Two years ago, slim, smiling Governor Kubitschek. son of a Polish immigrant, heard somebody say that the 1955 presidential election would be a lottery. Commented Kubitschek: "The governor of Minas Gerais holds a ticket." A year later the left-of-center Partido Social Democratico (P.S.D.) gave Kubitschek the task of touring Brazil and getting local P.S.D. leaders to agree on a 1955 presidential candidate in advance of the party's nominating convention. Kubitschek assiduously set about selling himself. A strong selling point was his record as an industrious builder of roads and hydroelectric plants during his four years as governor of Minas Gerais.

Sea of Mud. By last December, Kubitschek was running for President so energetically that Brazil's top-ranking military chiefs sent President Joao Cafe Filho a memorandum calling for "a solution to the problem of presidential succession on a basis of understanding and interparty cooperation." Translated from the officialese, the message meant that the generals and admirals wanted the right and center parties to put up a joint candidate to swamp Kubitschek.

The military's opposition to Kubitschek stemmed mainly from distrust of the late President Getulio Vargas, who committed suicide last August after the generals had warned him to resign in order to resolve a growing administrative scandal. The generals are determined that the next President of Brazil shall be, like Cafe Filho, a man unstained by the Vargas regime's mar de lama (sea of mud). As the military sees it, Kubitschek is linked to the old Vargas camp.

David & Goliath. After Cafe Filho got the memorandum from the generals, he showed it to Kubitschek, asked him to bow out in favor of some still-unchosen "national union" candidate. Juscelino said no. Late in January, Cafe Filho went on the air to press the national union idea.

Kubitschek is making shrewd use of this high-level opposition by posing as a courageous David pitted against a political Goliath. "They are not asking me for a political peace," he cried in a recent speech. "They want my capitulation . . . And that I will not give them."

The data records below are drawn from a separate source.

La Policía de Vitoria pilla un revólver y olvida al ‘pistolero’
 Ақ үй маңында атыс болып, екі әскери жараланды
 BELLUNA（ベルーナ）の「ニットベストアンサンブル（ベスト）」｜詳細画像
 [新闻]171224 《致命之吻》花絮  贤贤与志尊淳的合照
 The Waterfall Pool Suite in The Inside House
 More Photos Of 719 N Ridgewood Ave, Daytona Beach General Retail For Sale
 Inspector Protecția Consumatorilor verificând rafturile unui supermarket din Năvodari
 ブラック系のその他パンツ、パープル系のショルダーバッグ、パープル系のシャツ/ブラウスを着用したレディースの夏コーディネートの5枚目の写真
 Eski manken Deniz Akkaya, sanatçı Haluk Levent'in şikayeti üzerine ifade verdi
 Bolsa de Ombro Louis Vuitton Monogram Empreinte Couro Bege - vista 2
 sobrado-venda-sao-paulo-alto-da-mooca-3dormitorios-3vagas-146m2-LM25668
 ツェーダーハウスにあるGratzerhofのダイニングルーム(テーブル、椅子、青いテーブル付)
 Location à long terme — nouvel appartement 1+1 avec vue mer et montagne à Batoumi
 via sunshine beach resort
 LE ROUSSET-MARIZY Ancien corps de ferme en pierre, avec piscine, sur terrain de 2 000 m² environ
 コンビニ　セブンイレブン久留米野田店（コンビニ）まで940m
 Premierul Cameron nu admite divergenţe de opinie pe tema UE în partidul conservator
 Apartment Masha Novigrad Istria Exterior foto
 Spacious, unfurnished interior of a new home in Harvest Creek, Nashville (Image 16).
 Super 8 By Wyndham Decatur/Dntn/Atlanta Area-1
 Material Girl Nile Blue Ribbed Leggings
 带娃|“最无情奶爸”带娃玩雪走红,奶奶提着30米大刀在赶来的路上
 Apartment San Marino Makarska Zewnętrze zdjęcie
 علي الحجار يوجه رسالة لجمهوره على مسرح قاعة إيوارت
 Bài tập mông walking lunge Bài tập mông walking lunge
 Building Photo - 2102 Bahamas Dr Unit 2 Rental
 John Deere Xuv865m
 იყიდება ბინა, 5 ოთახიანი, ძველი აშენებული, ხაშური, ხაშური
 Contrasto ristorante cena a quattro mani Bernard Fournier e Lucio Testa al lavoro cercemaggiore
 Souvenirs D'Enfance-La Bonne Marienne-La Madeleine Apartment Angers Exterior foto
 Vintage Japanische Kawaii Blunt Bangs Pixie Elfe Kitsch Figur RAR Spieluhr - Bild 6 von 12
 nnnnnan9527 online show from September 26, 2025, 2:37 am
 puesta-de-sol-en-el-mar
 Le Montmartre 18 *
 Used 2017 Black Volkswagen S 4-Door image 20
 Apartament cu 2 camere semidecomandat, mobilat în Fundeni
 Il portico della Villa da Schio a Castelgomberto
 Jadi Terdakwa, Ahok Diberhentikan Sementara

Brazil called for emergency help from Washington last week. Because of lagging coffee exports, the country was desperately short of dollars. Fortnight ago. the government cut the minimum coffee-export price from 65.7-c- a lb. to 53.8-c---a measure that should eventually revive exports and bring in more dollars. Meanwhile, Brazil urgently needed a stopgap dollar loan. Heeding the call for help, U.S. Assistant Secretary of State Henry Holland interrupted his visit to Cuba with Vice President Richard Nixon, flew to Rio. In less than 24 hours, Washington's Export-Import Bank announced a new $75 million credit to Brazil to finance essential imports from the U.S.